Thanks for all the great suggestions, I will not be able to make the trip until next year.  My work schedule is really busy.  I wanted to drive from Florida to Toronto and visit some family for a few days and then off to do some winter activities as my kids have never seen snow.  They were so bummed out about not being able to go.  I will look at these resorts next year.

Thanks again.

Don


----------



## wilwil (Dec 14, 2009)

*timeshare close to toronto*

Carriage Hills and Horseshoe Valley are close to Toronto. 

Carriage Hills is a gold crown and they have an indoor/outdoor pool (not big but OK) that my kids love in the winter.  They swim from the inside to the outside and their hair freezes....  They have Hummer tours through the forests and snowmobile or ATV rides depending on the season.  There are several ski hills in the area.

As the resort is north up the 400 about an hour from Toronto (maybe 1.5 hours to the Downtown area - CN TOWER) you can commute.  The only downside is the 400 is very busy during rush hour!

The resort is nice and you can get 1 or 2 bedroom units or studios.
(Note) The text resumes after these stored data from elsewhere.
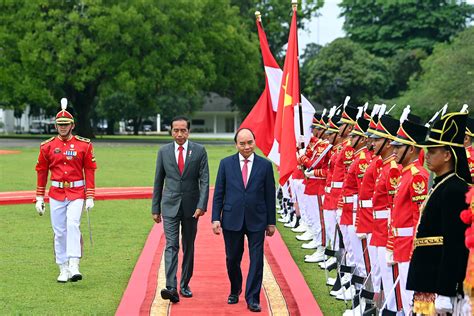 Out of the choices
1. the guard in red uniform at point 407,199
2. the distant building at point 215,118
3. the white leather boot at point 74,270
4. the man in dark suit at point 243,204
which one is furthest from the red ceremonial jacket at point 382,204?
the distant building at point 215,118

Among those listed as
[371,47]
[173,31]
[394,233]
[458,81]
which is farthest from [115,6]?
[394,233]

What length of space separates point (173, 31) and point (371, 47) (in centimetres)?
2761

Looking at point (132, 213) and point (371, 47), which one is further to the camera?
point (371, 47)

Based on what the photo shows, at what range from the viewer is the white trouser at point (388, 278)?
23.5ft

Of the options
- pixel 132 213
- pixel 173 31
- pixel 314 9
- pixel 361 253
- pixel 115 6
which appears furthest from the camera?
pixel 314 9

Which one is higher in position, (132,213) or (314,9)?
(314,9)

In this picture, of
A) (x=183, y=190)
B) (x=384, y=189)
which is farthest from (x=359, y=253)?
(x=183, y=190)

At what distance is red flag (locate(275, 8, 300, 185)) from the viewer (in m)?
10.8

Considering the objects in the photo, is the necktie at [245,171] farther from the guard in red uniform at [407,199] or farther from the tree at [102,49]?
the tree at [102,49]

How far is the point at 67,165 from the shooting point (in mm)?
10078

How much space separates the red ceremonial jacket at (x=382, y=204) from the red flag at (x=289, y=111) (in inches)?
120

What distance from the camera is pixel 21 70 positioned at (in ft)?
161

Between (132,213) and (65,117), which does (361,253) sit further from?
(132,213)

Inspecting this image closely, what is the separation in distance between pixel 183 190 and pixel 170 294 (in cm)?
121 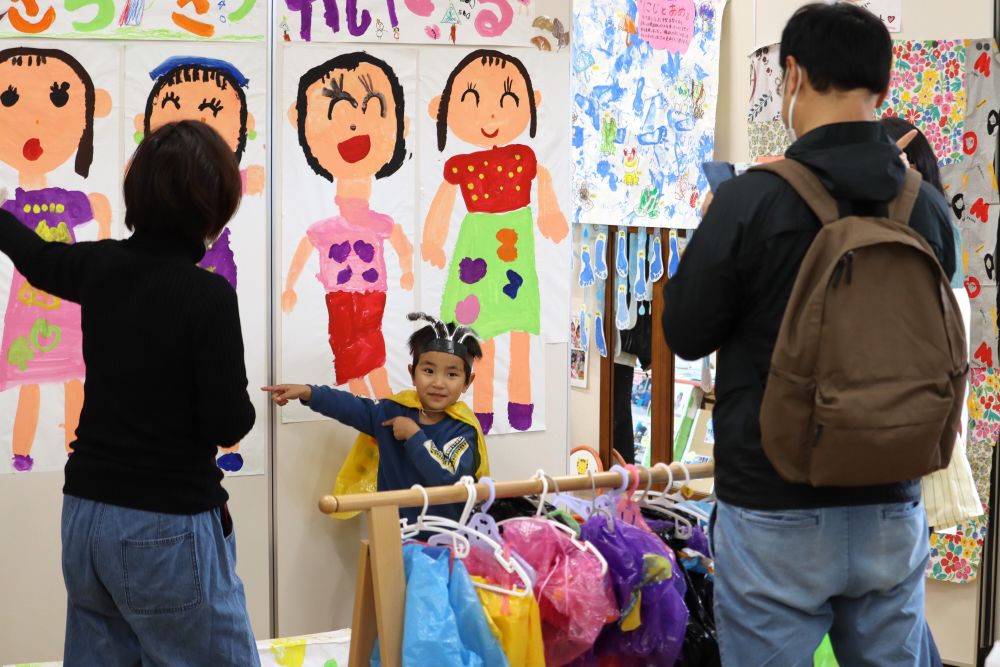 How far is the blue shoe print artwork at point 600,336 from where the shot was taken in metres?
4.82

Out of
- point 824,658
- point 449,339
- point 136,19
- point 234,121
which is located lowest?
point 824,658

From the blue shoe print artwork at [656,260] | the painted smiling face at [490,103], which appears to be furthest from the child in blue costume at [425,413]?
the blue shoe print artwork at [656,260]

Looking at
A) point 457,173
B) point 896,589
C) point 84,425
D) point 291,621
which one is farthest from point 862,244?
point 291,621

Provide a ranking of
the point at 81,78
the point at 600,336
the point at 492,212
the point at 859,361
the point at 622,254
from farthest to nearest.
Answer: the point at 600,336
the point at 622,254
the point at 492,212
the point at 81,78
the point at 859,361

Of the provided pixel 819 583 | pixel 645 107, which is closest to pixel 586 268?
pixel 645 107

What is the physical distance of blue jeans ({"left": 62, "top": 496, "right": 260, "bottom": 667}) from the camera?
1699 mm

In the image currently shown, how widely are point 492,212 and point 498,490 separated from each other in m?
1.06

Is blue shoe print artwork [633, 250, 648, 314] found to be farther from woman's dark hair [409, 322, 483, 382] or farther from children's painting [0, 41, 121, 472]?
children's painting [0, 41, 121, 472]

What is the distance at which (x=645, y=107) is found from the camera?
427 cm

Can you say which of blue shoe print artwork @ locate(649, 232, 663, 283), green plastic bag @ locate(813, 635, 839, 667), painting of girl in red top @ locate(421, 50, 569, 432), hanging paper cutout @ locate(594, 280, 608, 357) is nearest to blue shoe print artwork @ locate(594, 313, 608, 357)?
hanging paper cutout @ locate(594, 280, 608, 357)

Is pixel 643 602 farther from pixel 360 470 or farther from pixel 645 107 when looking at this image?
pixel 645 107

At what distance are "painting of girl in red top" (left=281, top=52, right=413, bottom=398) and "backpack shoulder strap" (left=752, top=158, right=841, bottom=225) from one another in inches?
61.1

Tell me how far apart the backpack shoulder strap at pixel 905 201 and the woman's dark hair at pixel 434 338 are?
142 cm

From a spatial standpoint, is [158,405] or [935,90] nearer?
[158,405] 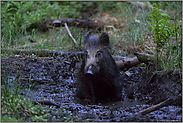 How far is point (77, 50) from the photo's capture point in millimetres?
6891

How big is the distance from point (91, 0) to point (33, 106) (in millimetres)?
8520

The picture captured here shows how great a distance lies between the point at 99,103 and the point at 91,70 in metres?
0.87

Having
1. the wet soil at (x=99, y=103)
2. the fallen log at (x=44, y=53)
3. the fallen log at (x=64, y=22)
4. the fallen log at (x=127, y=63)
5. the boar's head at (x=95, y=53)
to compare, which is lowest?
the wet soil at (x=99, y=103)

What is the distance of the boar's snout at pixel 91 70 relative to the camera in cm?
412

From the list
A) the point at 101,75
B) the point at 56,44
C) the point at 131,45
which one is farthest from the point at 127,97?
the point at 56,44

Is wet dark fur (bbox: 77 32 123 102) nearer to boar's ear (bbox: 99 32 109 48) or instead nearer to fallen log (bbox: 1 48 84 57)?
boar's ear (bbox: 99 32 109 48)

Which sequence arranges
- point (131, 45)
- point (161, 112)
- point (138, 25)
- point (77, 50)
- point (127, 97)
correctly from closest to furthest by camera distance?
1. point (161, 112)
2. point (127, 97)
3. point (77, 50)
4. point (131, 45)
5. point (138, 25)

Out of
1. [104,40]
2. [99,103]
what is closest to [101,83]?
[99,103]

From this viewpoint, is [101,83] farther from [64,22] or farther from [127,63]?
[64,22]

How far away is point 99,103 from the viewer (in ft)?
15.2

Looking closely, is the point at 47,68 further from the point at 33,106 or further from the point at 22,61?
the point at 33,106

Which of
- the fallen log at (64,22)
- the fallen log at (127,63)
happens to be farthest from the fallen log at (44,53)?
the fallen log at (64,22)

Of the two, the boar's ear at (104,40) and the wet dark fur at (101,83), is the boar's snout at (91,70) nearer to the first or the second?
the wet dark fur at (101,83)

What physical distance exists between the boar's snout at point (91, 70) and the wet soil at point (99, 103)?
2.22ft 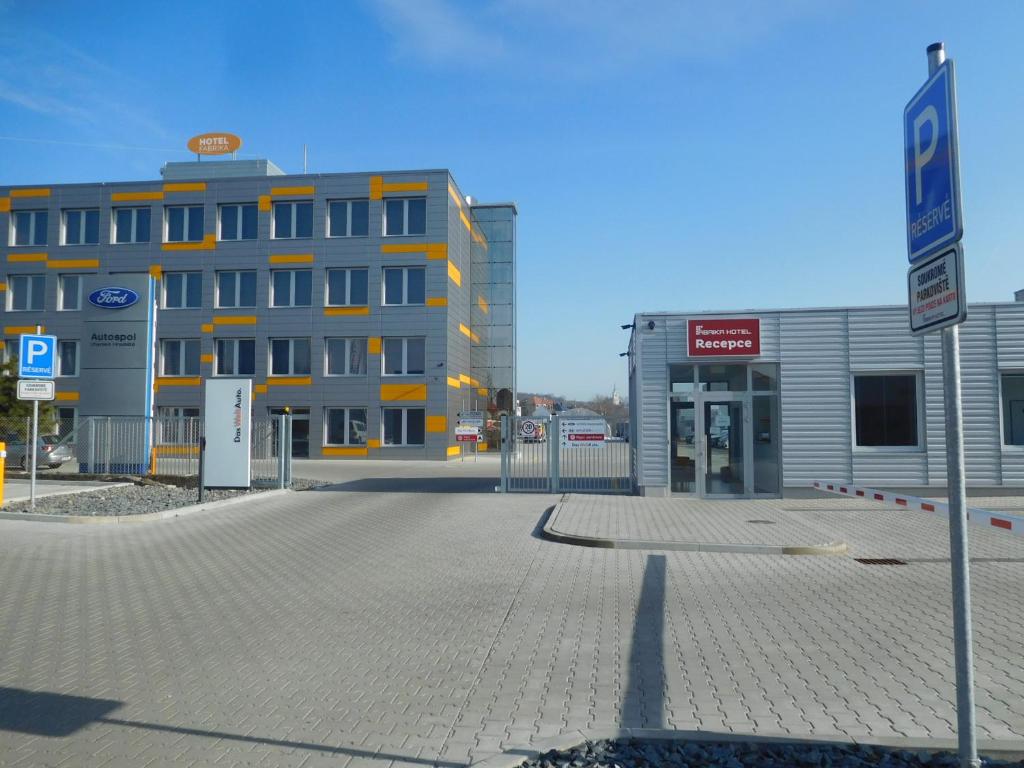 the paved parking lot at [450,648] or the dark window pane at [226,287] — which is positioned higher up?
the dark window pane at [226,287]

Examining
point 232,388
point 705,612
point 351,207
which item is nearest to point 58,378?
point 351,207

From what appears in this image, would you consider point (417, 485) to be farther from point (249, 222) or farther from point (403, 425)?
point (249, 222)

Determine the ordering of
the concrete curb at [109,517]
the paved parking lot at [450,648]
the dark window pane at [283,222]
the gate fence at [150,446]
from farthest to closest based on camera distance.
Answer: the dark window pane at [283,222]
the gate fence at [150,446]
the concrete curb at [109,517]
the paved parking lot at [450,648]

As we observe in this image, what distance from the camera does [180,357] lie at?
43.2 m

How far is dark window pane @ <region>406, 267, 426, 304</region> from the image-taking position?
4197 cm

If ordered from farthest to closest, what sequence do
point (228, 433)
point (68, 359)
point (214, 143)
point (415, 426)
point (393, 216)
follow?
1. point (214, 143)
2. point (68, 359)
3. point (393, 216)
4. point (415, 426)
5. point (228, 433)

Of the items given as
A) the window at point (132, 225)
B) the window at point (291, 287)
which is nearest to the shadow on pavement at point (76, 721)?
the window at point (291, 287)

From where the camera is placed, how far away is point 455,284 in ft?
145

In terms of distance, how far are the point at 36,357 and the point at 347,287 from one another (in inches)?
1076

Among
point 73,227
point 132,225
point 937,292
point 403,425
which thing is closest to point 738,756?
point 937,292

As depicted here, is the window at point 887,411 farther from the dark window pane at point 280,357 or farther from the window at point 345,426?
the dark window pane at point 280,357

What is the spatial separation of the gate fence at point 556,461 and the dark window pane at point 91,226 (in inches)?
1339

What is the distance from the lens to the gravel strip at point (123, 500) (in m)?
15.2

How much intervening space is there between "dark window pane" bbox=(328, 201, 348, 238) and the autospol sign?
28786 mm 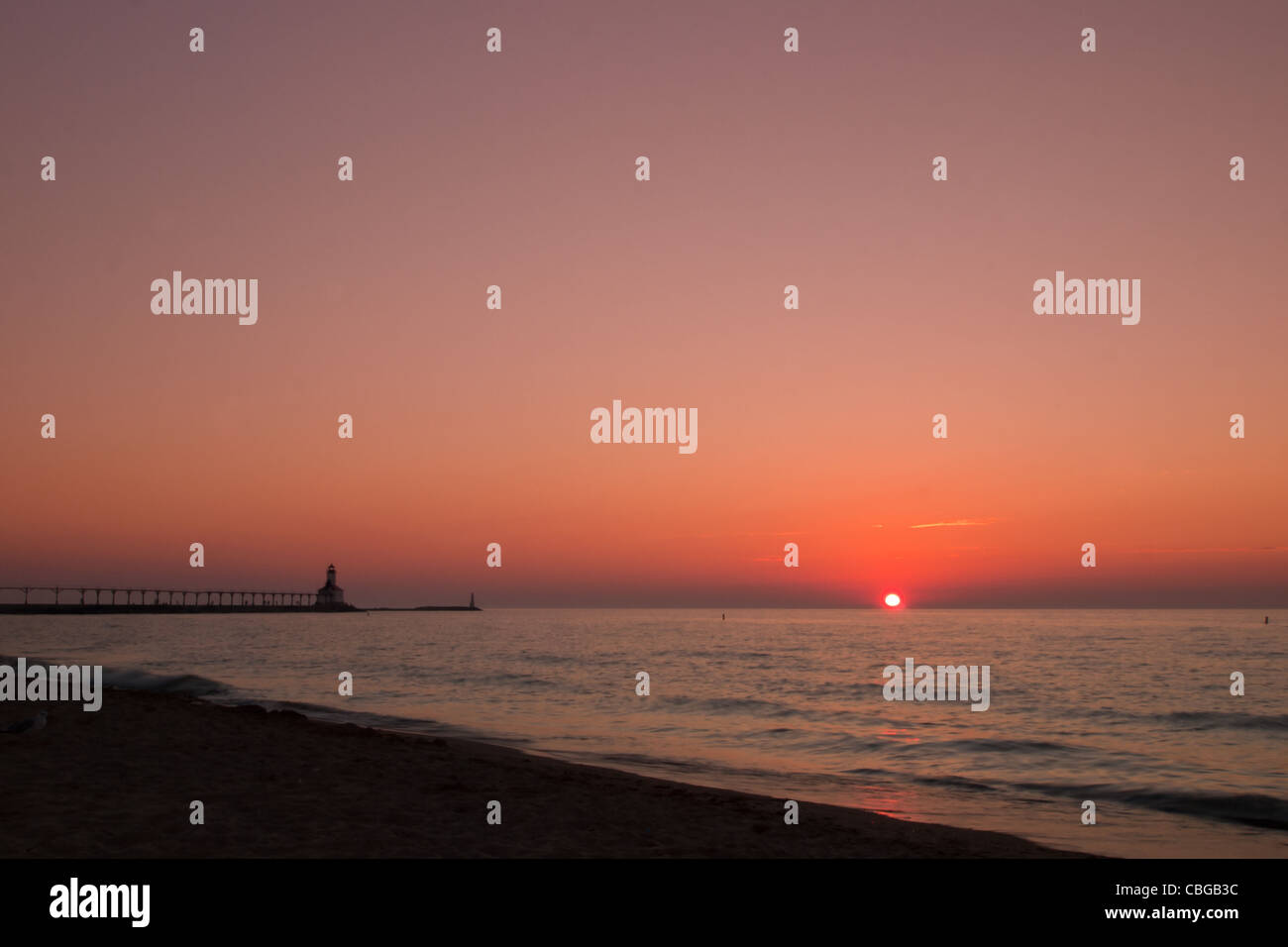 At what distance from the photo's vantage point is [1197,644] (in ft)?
328

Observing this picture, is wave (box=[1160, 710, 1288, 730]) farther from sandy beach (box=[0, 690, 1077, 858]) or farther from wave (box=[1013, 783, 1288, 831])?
sandy beach (box=[0, 690, 1077, 858])

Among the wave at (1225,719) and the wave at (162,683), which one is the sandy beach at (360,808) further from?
the wave at (1225,719)

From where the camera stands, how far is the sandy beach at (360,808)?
38.4ft

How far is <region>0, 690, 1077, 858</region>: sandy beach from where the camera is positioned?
11.7m

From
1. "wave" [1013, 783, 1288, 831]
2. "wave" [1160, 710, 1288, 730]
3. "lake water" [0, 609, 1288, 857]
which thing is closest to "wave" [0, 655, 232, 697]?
"lake water" [0, 609, 1288, 857]

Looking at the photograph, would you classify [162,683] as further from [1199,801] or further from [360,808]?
[1199,801]

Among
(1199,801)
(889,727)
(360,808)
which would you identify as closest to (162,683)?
(889,727)

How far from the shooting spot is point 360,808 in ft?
45.8

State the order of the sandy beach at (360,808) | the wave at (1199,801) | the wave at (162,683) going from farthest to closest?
the wave at (162,683) < the wave at (1199,801) < the sandy beach at (360,808)

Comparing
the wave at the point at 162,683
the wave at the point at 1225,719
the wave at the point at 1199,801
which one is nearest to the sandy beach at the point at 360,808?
the wave at the point at 1199,801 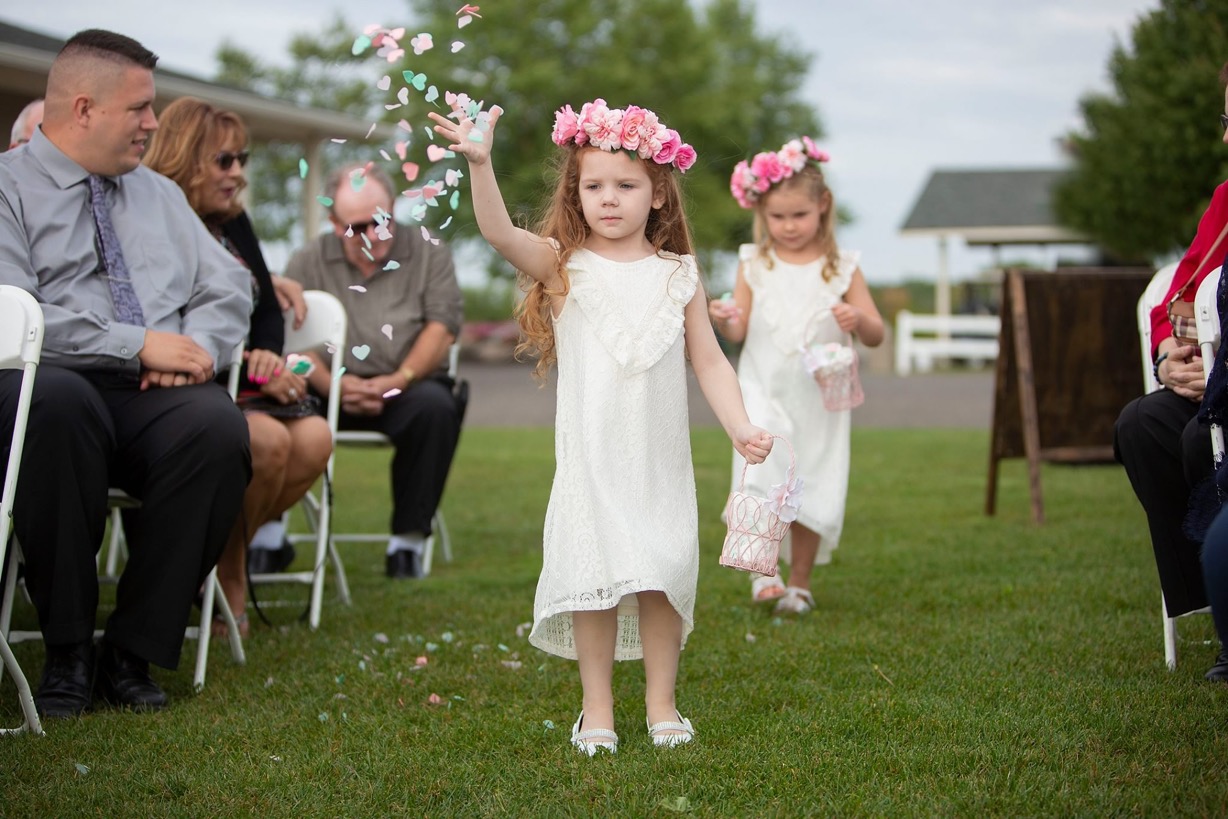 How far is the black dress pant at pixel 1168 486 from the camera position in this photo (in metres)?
3.59

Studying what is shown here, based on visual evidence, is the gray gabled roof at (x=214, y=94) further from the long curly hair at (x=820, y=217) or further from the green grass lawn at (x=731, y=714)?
the green grass lawn at (x=731, y=714)

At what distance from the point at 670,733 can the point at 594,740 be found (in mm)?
191

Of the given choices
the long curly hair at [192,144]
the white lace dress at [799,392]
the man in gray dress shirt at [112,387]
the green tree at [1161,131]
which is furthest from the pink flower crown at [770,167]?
the green tree at [1161,131]

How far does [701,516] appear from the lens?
7.37 metres

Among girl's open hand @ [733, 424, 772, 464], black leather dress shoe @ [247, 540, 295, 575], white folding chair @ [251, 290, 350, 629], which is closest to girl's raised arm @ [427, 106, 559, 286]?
girl's open hand @ [733, 424, 772, 464]

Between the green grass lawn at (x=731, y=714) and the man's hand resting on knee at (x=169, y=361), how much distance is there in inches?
35.7

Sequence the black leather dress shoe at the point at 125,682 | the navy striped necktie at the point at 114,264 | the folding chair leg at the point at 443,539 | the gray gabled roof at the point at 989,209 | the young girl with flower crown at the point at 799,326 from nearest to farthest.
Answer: the black leather dress shoe at the point at 125,682
the navy striped necktie at the point at 114,264
the young girl with flower crown at the point at 799,326
the folding chair leg at the point at 443,539
the gray gabled roof at the point at 989,209

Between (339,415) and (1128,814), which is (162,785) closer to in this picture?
(1128,814)

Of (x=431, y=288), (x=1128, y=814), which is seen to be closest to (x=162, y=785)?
(x=1128, y=814)

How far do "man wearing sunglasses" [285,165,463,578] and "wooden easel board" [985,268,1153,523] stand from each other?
9.61 feet

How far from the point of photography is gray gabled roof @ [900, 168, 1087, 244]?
3294 cm

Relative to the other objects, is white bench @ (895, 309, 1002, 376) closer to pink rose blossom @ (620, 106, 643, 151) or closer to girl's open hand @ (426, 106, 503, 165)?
pink rose blossom @ (620, 106, 643, 151)

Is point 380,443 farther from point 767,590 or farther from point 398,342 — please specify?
point 767,590

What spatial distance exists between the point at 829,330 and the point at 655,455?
6.68 ft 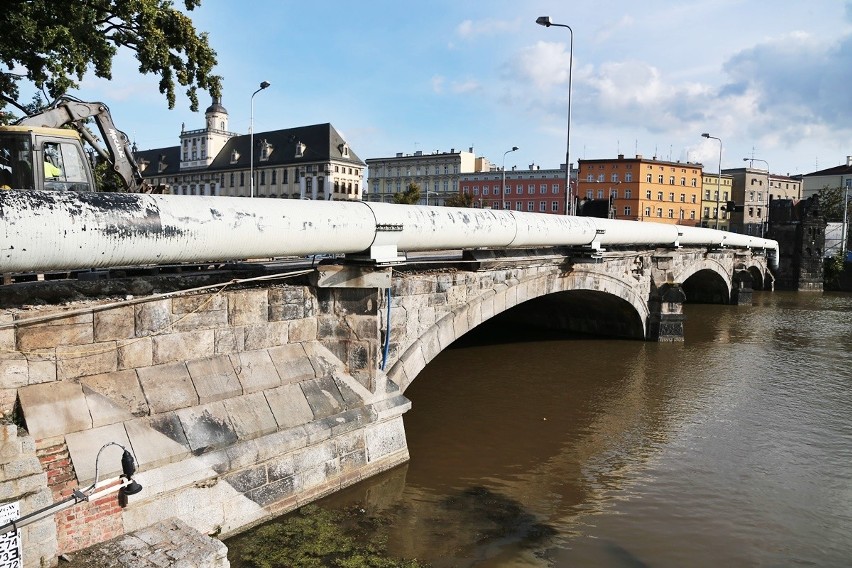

I do own at Carriage Hills and stay there every year.  We may have an extra week that we will rent or exchange for 2010 - I am new to TUG and just learning how to navigate the site.  

Good luck with your trip.

Jeff


----------



## Don40 (Feb 7, 2010)

Just a Follow up - Drove from Florida to NC and visited family for a day then to Niagara Falls for a day and on to Toronto.  The day we arrived in Toronto it was the coldest day of the year and got down to 0 degrees F. without wind chill.  I totally forgot to buy, windshield washer fluid that could with stand the cold so my system was frozen solid for the week.  Luckily I did not really need it as when we had snow I would use just the wipers and it worked, I had rain-X on the windshield and it helped.  We did tubing at Lakeridge and the kids loved it, I got scared off skiing because family members broke their legs recently and I did not want to deal with any injuries and issues of getting back to FL.  Went to the CN tower and visited downtown Toronto including Chinatown.  Spent quality time with family as my kids got to see their cousins, aunts and uncles for the first time.  The trip was totally worth it, but next time I will have to spend at least 2 weeks.

Thanks for all your suggestions 

Don


----------